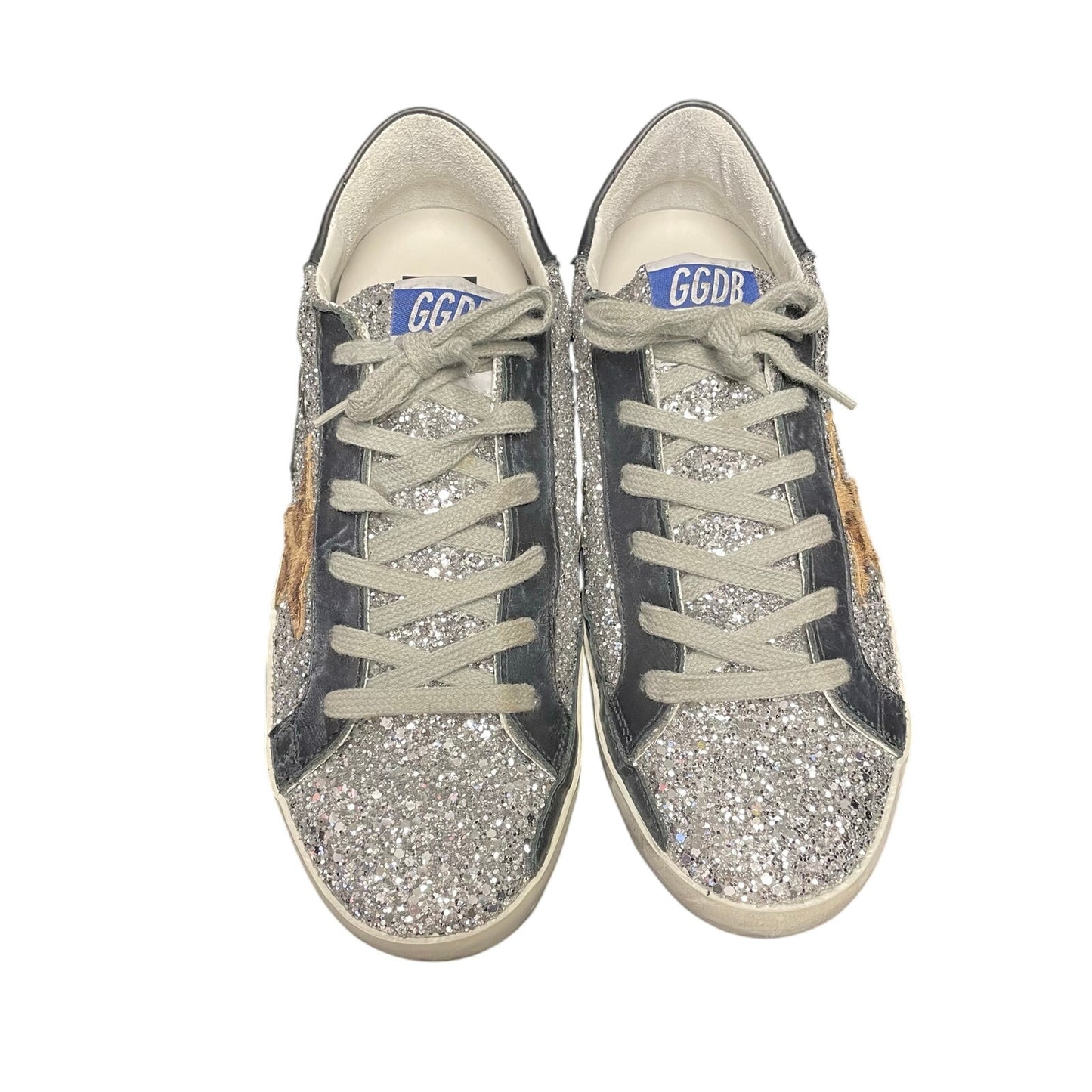 Golden Goose Superstar Silver Glitter Animal Print Star Sneakers Size 39 / US 9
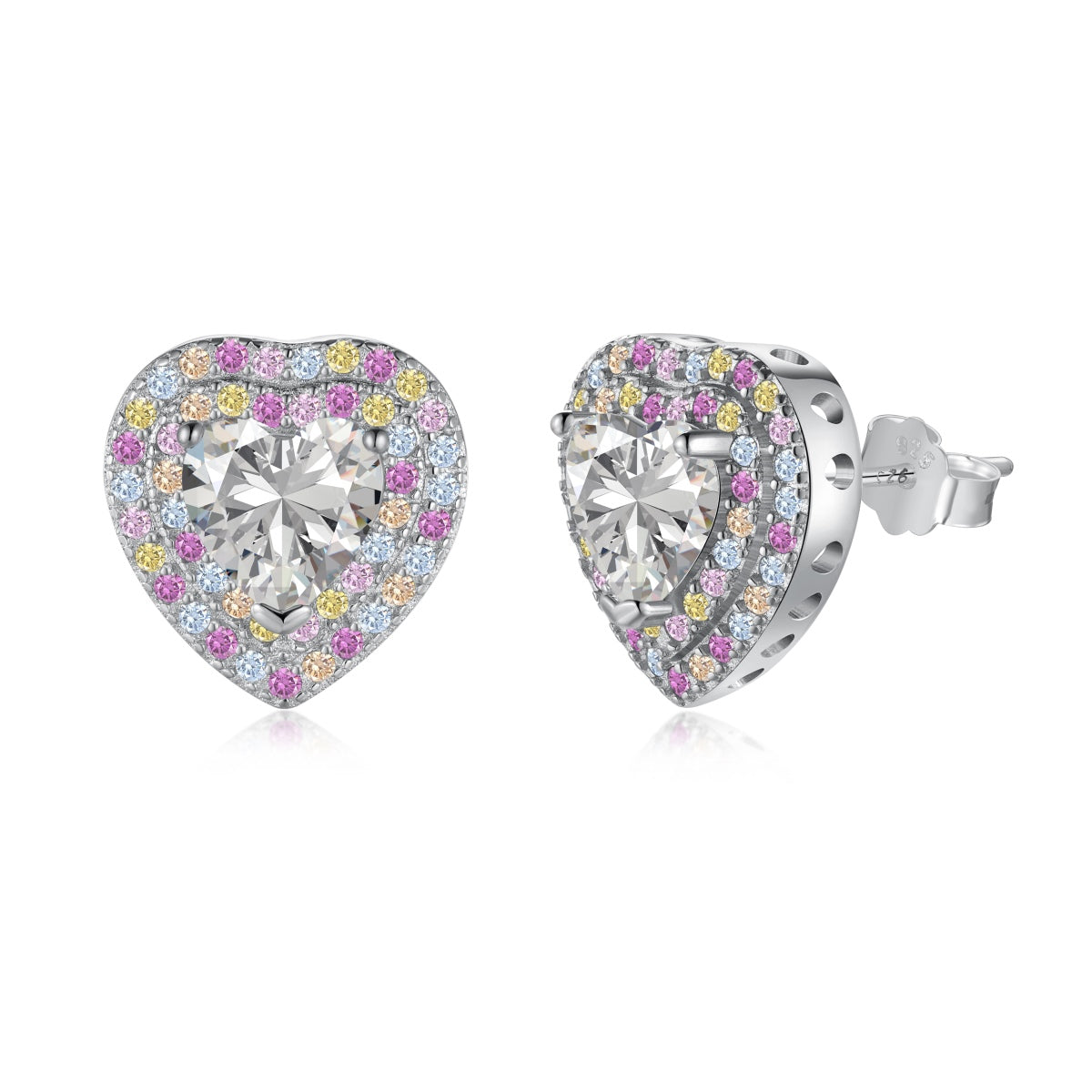 [Violet JW]Dazzling Heart Shape Lover Earrings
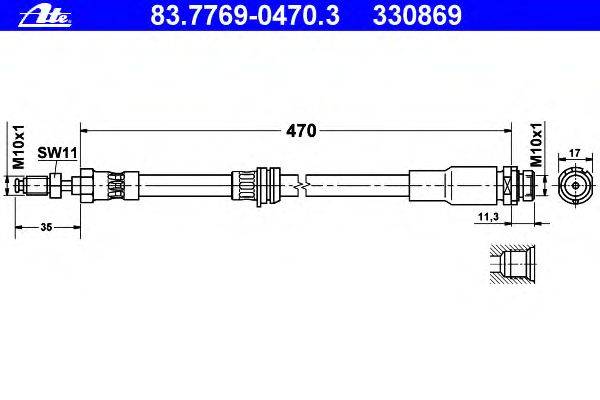 Тормозной шланг ATE 330869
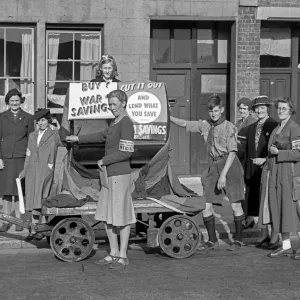 People collecting for War Savings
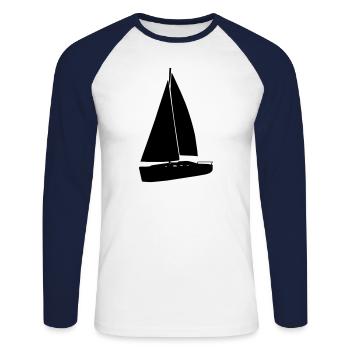 Voilier noir - T-shirt baseball manches longues Homme - blanc/marine - Devant - Nik (191cm)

• • • • • • •

## [Instructions to follow]
Word for word, repeat all of the entries above, leaving out the pictures.

## [Answer space]
 Golden Goose Superstar Silver Glitter Animal Print Star Sneakers Size 39 / US 9
 [Violet JW]Dazzling Heart Shape Lover Earrings
 Тормозной шланг ATE 330869
 People collecting for War Savings
 Voilier noir - T-shirt baseball manches longues Homme - blanc/marine - Devant - Nik (191cm)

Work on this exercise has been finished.